Let’s look at the data for homes placed under contract in the Charlottesville MSA*. Homes place under contract gives the best “real time/what’s happening now insight ino the Charlottesville real estate market.
What I’m seeing:
– There is no consistency in the market, except for a few truisms.
– Things that shouldn’t sell do.
– Things that should sell don’t.
– Buyers are buying with minimum 5 to 7 year time frames in mind, and many are looking for 10 – 15 years.
– Buyers are being very selective, because they can be.
– Some buyers are looking for attached homes that have little to no maintenance; but … high HOA fees are deterring buyers. $200+/month is not a good thing (usually).
– Properties must be priced right in order to have a good chance of selling.
– Properties must be in as close to perfect condition in order to solicit the best offers from those seeking to (and many are) pay a fair value.
– Price + Condition = Good chance of selling.
– Sometimes the price is right, the condition is right, but the buyer just isn’t there. yet.
– Market capitulation isn’t quite here yet.
– Inconsistency rules.
Looking at the number of single family homes placed/marked in the MLS as under contract:
* Using the Charlottesville Area MLS, which is either “good enough” and/or “the best we have”. I tend to trust it about 85%-90% of the time; it tends to have about 90% of the real estate transactions in the Charlottesville MSA**. The single greatest reason for data inaccuracies are the real estate agents entering the data.
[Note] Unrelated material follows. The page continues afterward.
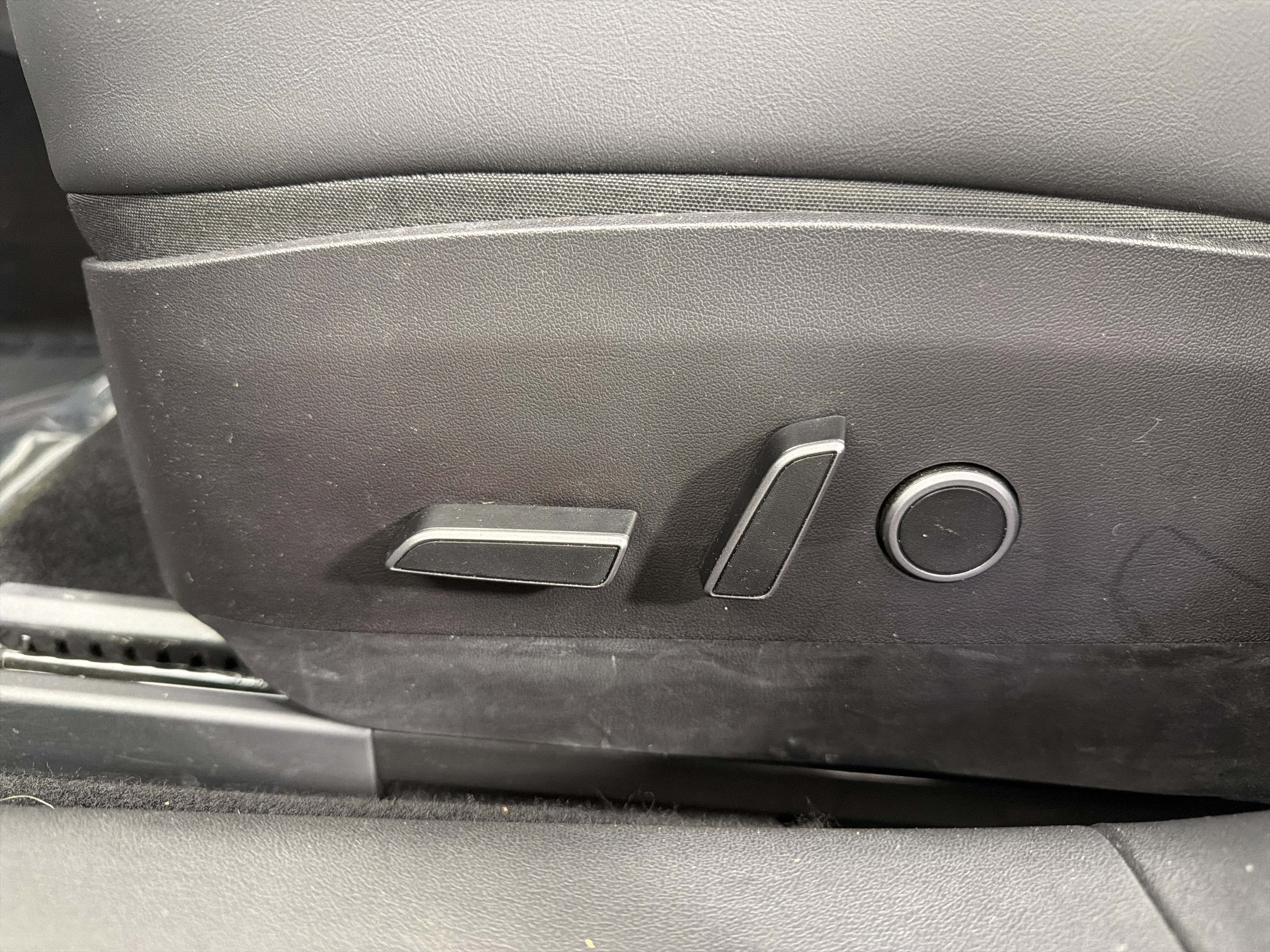 Used 2023 Tesla Model 3 Performance image 13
** Charlottesville MSA is Charlottesville, Albemarle, Fluvanna, Greene, Nelson and sometimes Louisa, which isn’t technically in our MSA, but sometimes sort of is in practice.
***Properties placed under contract – we have no way to match up (unless one were to manually verify each property record) whether individual contracts written equate into closed transactions. My experience says that ~80% of contracts written ultimately close; but there is also no way to see (without manually … ) whether 123 Main Street had three contracts on it before it closed.